▸ About this task: The entries that follow should be written out exactly.

▸ Data to examine:
^^^^^^^^
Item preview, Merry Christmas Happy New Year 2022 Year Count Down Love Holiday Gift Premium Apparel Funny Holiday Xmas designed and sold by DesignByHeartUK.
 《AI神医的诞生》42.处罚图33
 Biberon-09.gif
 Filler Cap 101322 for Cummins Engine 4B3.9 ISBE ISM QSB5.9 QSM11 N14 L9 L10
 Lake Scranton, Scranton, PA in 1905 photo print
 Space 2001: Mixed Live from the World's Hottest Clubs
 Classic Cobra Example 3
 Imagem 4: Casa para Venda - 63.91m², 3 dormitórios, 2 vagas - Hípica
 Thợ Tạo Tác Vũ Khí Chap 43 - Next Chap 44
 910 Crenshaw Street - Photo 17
^^^^^^^^
▸ Solution to the exercise:
Item preview, Merry Christmas Happy New Year 2022 Year Count Down Love Holiday Gift Premium Apparel Funny Holiday Xmas designed and sold by DesignByHeartUK.
 《AI神医的诞生》42.处罚图33
 Biberon-09.gif
 Filler Cap 101322 for Cummins Engine 4B3.9 ISBE ISM QSB5.9 QSM11 N14 L9 L10
 Lake Scranton, Scranton, PA in 1905 photo print
 Space 2001: Mixed Live from the World's Hottest Clubs
 Classic Cobra Example 3
 Imagem 4: Casa para Venda - 63.91m², 3 dormitórios, 2 vagas - Hípica
 Thợ Tạo Tác Vũ Khí Chap 43 - Next Chap 44
 910 Crenshaw Street - Photo 17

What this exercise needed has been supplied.